I have recently been reading posts from other wives experiencing the same thing and figured it is about time I share my story……

I will start from when I first noticed a problem, I hope to get good honest advise…even if it’s not something I want to hear!

Let me start by saying I met my common-law husband 11 years ago, when I was 18 years old and he was 23 years old. (We are 5 years apart) We dated for 5 years before purchasing a home together. 



If someone had told me 10 years ago that at the ripe age of 29 years old, I would be in a sexless relationship; I would have told the person they were crazy! - Husbands want sex ALL the time……….. Don’t they???

I guess I was crazy to think everything would stay the same after we moved in together and had our son. I cannot pin point what happen and what I possibly did to contribute to this sexless union! But I am sure that we are both equally to blame. I noticed a drop in our sex-life in March 2007, approximately 1 year after moving in together. It started from 4-5 times a week to once a week. It was not a gradual decrease, but instead pretty sudden. I noticed my hubby was spending a lot more time on the computer. He would mostly go on the net while I was still at work; essentially only when he was home alone. As I would walk in the door from work he would be shutting down the computer. This behavior carried on for a few weeks, I decided to play ‘private investigator” and check the history on the computer. I was shocked to find all kinds of pornography! I decided to leave it alone for the moment I did not want to bring up the issue and embarrass him. It quickly turned into what seemed to be an addition. He would watch porn daily; He would even wake up at 6AM on the weekend to go watch porn. (This used to be when we would have sex, Saturday/Sunday Morning) Why would he make such an effort to wake up early and sneak down to the basement to watch porn at 6am, when I was in bed willing and able? 

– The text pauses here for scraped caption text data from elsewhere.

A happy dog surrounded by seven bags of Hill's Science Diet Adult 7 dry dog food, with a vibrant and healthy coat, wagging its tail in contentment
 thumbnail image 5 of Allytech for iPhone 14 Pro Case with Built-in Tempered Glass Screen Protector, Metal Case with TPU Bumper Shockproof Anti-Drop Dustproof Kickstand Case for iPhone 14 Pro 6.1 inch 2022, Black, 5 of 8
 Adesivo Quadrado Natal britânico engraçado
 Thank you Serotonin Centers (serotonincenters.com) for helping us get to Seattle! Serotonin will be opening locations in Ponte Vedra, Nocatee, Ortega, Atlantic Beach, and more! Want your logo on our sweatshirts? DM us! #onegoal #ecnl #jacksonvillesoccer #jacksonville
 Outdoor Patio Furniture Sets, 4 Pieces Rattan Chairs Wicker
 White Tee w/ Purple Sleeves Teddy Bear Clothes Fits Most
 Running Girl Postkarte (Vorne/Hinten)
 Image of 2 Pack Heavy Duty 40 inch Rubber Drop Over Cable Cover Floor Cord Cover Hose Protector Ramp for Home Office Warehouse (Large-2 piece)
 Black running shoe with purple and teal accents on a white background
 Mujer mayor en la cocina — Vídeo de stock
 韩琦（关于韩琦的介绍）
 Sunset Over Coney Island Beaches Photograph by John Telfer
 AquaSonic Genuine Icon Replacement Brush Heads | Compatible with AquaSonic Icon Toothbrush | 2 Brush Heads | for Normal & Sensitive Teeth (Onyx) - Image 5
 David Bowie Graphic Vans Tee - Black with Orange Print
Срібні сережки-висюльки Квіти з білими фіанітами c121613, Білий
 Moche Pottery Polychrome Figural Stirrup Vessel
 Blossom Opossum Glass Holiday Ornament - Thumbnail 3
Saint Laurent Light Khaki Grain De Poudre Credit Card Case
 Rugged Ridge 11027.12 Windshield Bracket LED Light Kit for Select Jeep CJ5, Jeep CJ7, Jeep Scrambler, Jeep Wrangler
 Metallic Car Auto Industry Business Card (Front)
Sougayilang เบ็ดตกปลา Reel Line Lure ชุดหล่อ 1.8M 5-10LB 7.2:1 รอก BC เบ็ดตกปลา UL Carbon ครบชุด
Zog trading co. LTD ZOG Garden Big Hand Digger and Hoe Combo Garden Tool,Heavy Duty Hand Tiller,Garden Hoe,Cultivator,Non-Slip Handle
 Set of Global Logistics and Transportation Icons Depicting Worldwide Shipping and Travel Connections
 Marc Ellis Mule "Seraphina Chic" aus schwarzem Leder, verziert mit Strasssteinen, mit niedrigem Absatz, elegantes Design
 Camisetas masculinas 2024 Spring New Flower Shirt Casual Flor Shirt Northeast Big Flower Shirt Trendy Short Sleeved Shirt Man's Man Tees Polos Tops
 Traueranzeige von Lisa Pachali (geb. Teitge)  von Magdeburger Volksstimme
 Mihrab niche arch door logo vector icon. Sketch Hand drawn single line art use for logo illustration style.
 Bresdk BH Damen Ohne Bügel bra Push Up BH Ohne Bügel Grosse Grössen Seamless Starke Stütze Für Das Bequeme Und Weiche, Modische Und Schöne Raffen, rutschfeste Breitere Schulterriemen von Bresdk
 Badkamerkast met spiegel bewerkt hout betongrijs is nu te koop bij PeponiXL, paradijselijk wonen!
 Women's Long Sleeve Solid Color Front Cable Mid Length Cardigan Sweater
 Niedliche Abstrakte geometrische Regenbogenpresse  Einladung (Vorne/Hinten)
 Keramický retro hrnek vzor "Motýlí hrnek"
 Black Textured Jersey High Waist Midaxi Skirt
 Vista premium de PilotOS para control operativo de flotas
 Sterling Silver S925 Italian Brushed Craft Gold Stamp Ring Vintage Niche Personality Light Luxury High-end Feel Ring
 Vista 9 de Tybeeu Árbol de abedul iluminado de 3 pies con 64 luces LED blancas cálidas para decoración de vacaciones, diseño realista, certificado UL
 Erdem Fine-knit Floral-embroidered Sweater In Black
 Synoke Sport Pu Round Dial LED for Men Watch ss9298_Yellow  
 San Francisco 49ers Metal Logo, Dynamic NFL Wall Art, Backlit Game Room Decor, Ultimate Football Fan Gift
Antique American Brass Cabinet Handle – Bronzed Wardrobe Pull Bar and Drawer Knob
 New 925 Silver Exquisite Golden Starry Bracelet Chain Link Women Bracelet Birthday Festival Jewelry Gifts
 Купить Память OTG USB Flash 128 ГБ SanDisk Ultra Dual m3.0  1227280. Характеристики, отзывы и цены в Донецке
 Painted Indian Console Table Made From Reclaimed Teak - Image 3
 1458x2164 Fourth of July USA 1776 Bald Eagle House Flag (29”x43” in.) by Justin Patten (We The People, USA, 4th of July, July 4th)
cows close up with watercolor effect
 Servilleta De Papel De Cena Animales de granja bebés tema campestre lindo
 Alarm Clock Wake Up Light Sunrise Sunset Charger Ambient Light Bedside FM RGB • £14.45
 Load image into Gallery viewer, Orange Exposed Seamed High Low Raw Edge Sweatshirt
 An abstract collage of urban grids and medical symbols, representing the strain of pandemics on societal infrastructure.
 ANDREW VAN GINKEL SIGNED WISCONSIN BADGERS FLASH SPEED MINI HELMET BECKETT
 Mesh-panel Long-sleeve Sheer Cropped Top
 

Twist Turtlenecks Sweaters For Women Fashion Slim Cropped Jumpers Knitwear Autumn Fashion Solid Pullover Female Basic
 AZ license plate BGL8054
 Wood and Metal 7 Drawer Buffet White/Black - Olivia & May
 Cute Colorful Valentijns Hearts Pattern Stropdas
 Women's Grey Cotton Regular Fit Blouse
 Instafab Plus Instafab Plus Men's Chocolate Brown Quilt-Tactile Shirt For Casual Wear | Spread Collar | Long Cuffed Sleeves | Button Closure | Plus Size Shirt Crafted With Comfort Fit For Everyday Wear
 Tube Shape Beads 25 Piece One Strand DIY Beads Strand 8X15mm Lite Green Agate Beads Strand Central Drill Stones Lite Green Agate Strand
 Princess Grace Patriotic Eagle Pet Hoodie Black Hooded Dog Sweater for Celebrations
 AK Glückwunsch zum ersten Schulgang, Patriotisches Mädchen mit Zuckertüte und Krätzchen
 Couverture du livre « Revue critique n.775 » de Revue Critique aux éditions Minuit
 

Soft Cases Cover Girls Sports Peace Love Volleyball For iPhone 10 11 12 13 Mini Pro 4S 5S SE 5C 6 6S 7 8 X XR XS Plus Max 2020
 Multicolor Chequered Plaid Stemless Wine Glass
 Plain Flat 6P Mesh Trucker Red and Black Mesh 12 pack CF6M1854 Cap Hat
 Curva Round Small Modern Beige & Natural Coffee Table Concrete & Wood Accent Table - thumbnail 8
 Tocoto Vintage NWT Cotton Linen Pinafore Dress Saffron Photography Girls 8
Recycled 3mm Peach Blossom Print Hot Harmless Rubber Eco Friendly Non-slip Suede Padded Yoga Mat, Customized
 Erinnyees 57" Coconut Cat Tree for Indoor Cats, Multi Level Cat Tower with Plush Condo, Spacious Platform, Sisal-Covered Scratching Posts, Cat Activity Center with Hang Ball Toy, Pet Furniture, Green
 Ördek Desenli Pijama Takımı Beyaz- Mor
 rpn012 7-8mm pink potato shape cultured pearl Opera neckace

After about 2 months of porn surfing, I guess he got bored with it and decided to up the ante. He starting going on social network sites and re-connecting with his ex-girlfriends. He would tell them how beautiful they were and even ask for their numbers to make plans to “meet up for a coffee”. I also found profiles on dating websites like Match.com® | The Leading Online Dating Site for Singles & Personals where he was looking to meet women for “fun”. I remember reading his profile quote “I love you long time” and feeling so sick to my stomach! I knew this was his profile, how many men live in our town with the same name and postal code!! 

All the while I just sat back, waiting and watching in devastation.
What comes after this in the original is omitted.